*** Data shown ***

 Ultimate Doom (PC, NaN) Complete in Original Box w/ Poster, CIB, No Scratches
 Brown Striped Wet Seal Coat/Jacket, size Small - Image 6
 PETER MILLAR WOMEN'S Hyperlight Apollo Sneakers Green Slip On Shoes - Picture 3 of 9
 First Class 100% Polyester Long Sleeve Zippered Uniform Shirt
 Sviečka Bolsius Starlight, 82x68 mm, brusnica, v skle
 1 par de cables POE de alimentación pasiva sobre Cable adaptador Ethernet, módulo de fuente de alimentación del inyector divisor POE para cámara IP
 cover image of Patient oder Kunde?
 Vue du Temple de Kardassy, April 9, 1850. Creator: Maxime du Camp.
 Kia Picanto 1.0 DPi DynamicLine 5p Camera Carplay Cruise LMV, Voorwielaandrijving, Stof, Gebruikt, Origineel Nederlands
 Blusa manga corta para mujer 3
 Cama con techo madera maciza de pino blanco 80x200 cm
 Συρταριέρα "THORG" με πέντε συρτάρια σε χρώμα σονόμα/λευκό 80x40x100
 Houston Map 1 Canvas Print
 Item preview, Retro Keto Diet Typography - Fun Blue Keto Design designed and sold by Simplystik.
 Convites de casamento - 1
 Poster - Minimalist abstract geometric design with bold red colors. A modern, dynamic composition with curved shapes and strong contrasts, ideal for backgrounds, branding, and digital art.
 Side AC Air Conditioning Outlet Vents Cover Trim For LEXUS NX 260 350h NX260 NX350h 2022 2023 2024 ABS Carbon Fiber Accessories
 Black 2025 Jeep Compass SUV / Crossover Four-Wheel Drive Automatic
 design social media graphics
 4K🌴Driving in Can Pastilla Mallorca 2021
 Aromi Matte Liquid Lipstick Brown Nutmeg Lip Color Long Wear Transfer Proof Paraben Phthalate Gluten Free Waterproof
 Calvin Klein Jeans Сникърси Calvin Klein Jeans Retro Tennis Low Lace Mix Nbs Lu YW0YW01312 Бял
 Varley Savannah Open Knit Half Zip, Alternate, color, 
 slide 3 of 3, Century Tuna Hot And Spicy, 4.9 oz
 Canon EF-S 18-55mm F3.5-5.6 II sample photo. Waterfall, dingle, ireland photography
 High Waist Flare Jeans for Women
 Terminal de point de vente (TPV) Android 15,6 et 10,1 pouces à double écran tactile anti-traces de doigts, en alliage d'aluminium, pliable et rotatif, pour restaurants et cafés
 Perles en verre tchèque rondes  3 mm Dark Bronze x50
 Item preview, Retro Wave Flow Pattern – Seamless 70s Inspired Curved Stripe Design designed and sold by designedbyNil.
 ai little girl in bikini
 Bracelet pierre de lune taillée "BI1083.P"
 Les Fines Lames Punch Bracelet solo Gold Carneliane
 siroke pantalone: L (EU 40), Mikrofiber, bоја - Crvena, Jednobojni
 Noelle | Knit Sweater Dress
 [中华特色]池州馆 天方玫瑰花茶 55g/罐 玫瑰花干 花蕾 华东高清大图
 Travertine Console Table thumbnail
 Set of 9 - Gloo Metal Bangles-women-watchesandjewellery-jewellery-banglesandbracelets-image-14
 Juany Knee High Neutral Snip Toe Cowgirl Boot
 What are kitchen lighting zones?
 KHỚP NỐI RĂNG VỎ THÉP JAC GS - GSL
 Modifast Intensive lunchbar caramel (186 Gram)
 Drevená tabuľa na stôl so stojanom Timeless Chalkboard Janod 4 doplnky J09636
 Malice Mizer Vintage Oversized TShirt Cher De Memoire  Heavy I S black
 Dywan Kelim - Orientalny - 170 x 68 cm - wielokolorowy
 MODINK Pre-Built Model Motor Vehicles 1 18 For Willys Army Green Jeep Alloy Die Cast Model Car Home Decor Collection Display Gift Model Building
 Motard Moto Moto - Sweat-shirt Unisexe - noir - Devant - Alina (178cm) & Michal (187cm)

*** End of Data shown ***

Work required:
Transcribe all of the material above with complete accuracy.

Expected output:
 Ultimate Doom (PC, NaN) Complete in Original Box w/ Poster, CIB, No Scratches
 Brown Striped Wet Seal Coat/Jacket, size Small - Image 6
 PETER MILLAR WOMEN'S Hyperlight Apollo Sneakers Green Slip On Shoes - Picture 3 of 9
 First Class 100% Polyester Long Sleeve Zippered Uniform Shirt
 Sviečka Bolsius Starlight, 82x68 mm, brusnica, v skle
 1 par de cables POE de alimentación pasiva sobre Cable adaptador Ethernet, módulo de fuente de alimentación del inyector divisor POE para cámara IP
 cover image of Patient oder Kunde?
 Vue du Temple de Kardassy, April 9, 1850. Creator: Maxime du Camp.
 Kia Picanto 1.0 DPi DynamicLine 5p Camera Carplay Cruise LMV, Voorwielaandrijving, Stof, Gebruikt, Origineel Nederlands
 Blusa manga corta para mujer 3
 Cama con techo madera maciza de pino blanco 80x200 cm
 Συρταριέρα "THORG" με πέντε συρτάρια σε χρώμα σονόμα/λευκό 80x40x100
 Houston Map 1 Canvas Print
 Item preview, Retro Keto Diet Typography - Fun Blue Keto Design designed and sold by Simplystik.
 Convites de casamento - 1
 Poster - Minimalist abstract geometric design with bold red colors. A modern, dynamic composition with curved shapes and strong contrasts, ideal for backgrounds, branding, and digital art.
 Side AC Air Conditioning Outlet Vents Cover Trim For LEXUS NX 260 350h NX260 NX350h 2022 2023 2024 ABS Carbon Fiber Accessories
 Black 2025 Jeep Compass SUV / Crossover Four-Wheel Drive Automatic
 design social media graphics
 4K🌴Driving in Can Pastilla Mallorca 2021
 Aromi Matte Liquid Lipstick Brown Nutmeg Lip Color Long Wear Transfer Proof Paraben Phthalate Gluten Free Waterproof
 Calvin Klein Jeans Сникърси Calvin Klein Jeans Retro Tennis Low Lace Mix Nbs Lu YW0YW01312 Бял
 Varley Savannah Open Knit Half Zip, Alternate, color, 
 slide 3 of 3, Century Tuna Hot And Spicy, 4.9 oz
 Canon EF-S 18-55mm F3.5-5.6 II sample photo. Waterfall, dingle, ireland photography
 High Waist Flare Jeans for Women
 Terminal de point de vente (TPV) Android 15,6 et 10,1 pouces à double écran tactile anti-traces de doigts, en alliage d'aluminium, pliable et rotatif, pour restaurants et cafés
 Perles en verre tchèque rondes  3 mm Dark Bronze x50
 Item preview, Retro Wave Flow Pattern – Seamless 70s Inspired Curved Stripe Design designed and sold by designedbyNil.
 ai little girl in bikini
 Bracelet pierre de lune taillée "BI1083.P"
 Les Fines Lames Punch Bracelet solo Gold Carneliane
 siroke pantalone: L (EU 40), Mikrofiber, bоја - Crvena, Jednobojni
 Noelle | Knit Sweater Dress
 [中华特色]池州馆 天方玫瑰花茶 55g/罐 玫瑰花干 花蕾 华东高清大图
 Travertine Console Table thumbnail
 Set of 9 - Gloo Metal Bangles-women-watchesandjewellery-jewellery-banglesandbracelets-image-14
 Juany Knee High Neutral Snip Toe Cowgirl Boot
 What are kitchen lighting zones?
 KHỚP NỐI RĂNG VỎ THÉP JAC GS - GSL
 Modifast Intensive lunchbar caramel (186 Gram)
 Drevená tabuľa na stôl so stojanom Timeless Chalkboard Janod 4 doplnky J09636
 Malice Mizer Vintage Oversized TShirt Cher De Memoire  Heavy I S black
 Dywan Kelim - Orientalny - 170 x 68 cm - wielokolorowy
 MODINK Pre-Built Model Motor Vehicles 1 18 For Willys Army Green Jeep Alloy Die Cast Model Car Home Decor Collection Display Gift Model Building
 Motard Moto Moto - Sweat-shirt Unisexe - noir - Devant - Alina (178cm) & Michal (187cm)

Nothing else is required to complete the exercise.